Josh Ritter – Sermon on the Rocks (ALBUM REVIEW)


ritteralbum2On his last release, 2013’s The Beast in Its Tracks, Josh Ritter was reeling from a recent divorce and all the conflicting emotions that went with it. But on his new album, Sermon on the Rocks, we find the Idaho-born singer-songwriter in a very different frame of mind. While The Beast in Its Tracks was an introspective work, “Sermon on the Rocks,” finds Ritter looking outward, crafting story songs about small town life that are laced with religious themes. As with his previous albums Ritter delves into heady subject matter, gracing his songs with vivid imagery and poetic lyrics. What is different on this, his eighth studio album, is  a loose quality that we haven’t heard in Ritter’s music before.

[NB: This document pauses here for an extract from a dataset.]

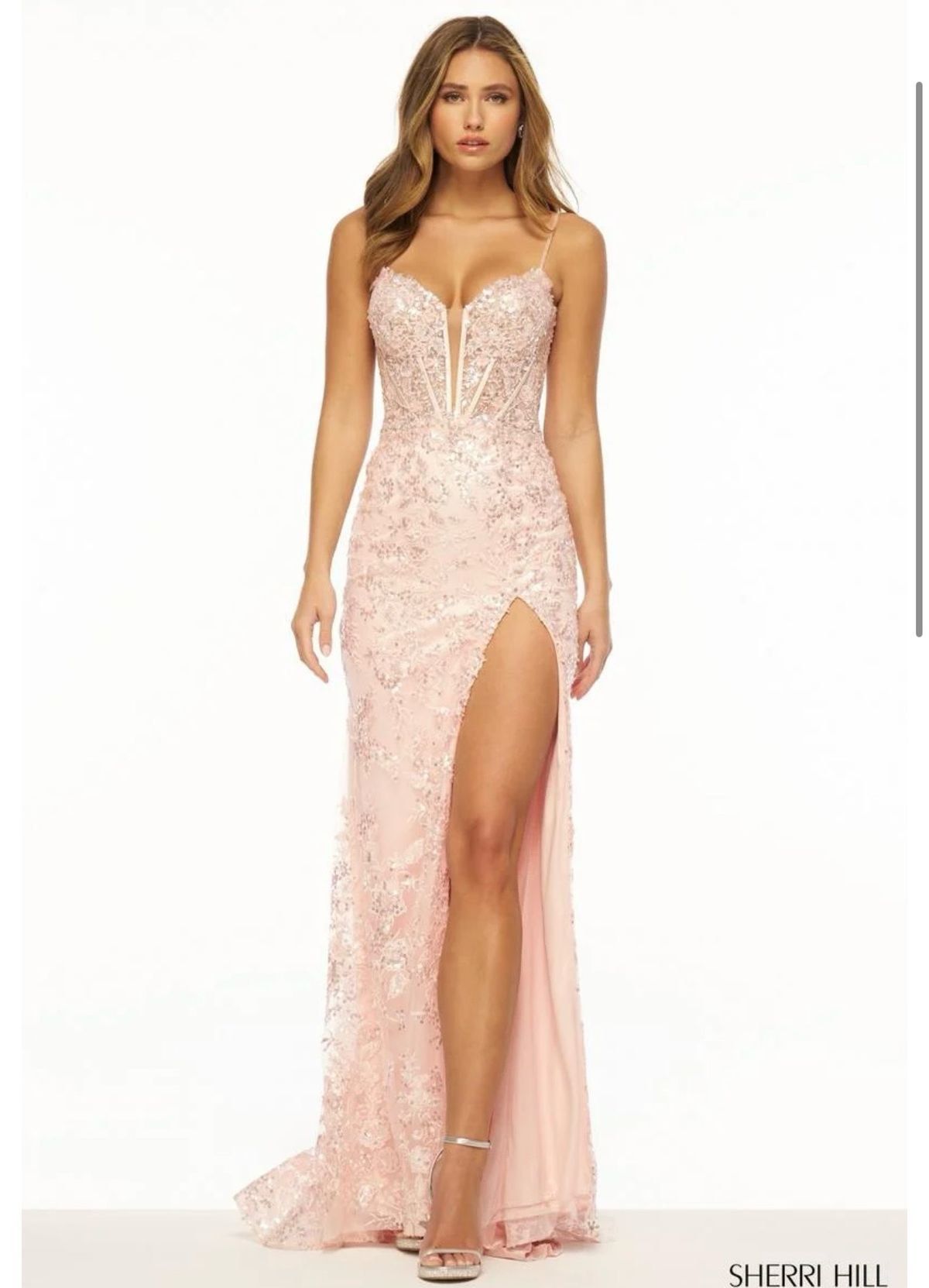 Style 56208 Sherri Hill Size 6 Prom Plunge Pink Side Slit Dress on Queenly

Produced by Ritter and Trina Shoemaker (Emmylou Harris, Queens of the Stone Age), and featuring  Ritter’s Royal City Band, the 12-song album was recorded over a two week period at The Parlor Recording studio in New Orleans. While most musicians who record in the Crescent City usually soak up the musical styles native to it, Ritter seems more influenced by its soul.  Many of these songs capture the city’s sense of fun and spirit of creativity while also reveling in it gothic and mysterious underbelly.

Ritter said his goal was to create an album that was “messianic oracular honky-tonk,” and a song like “Young Moses,” with its shimmering tambourine and bluesy guitar interlude, just may fit that description. Sam Kassir’s pulsating keyboard drives “Lighthouse Fire,” a song that also features some distorted electric guitar provided by Kaufman, while “Lighthouse Fire” doesn’t sound like a Josh Ritter song at all – but you get that feeling that is exactly what he intended. While that song has a rock edge, Ritter lends a heavy dose of country to the upbeat “Cumberland” and to the disc closer, the slow twang-y “My Man on a Horse (Is Here).”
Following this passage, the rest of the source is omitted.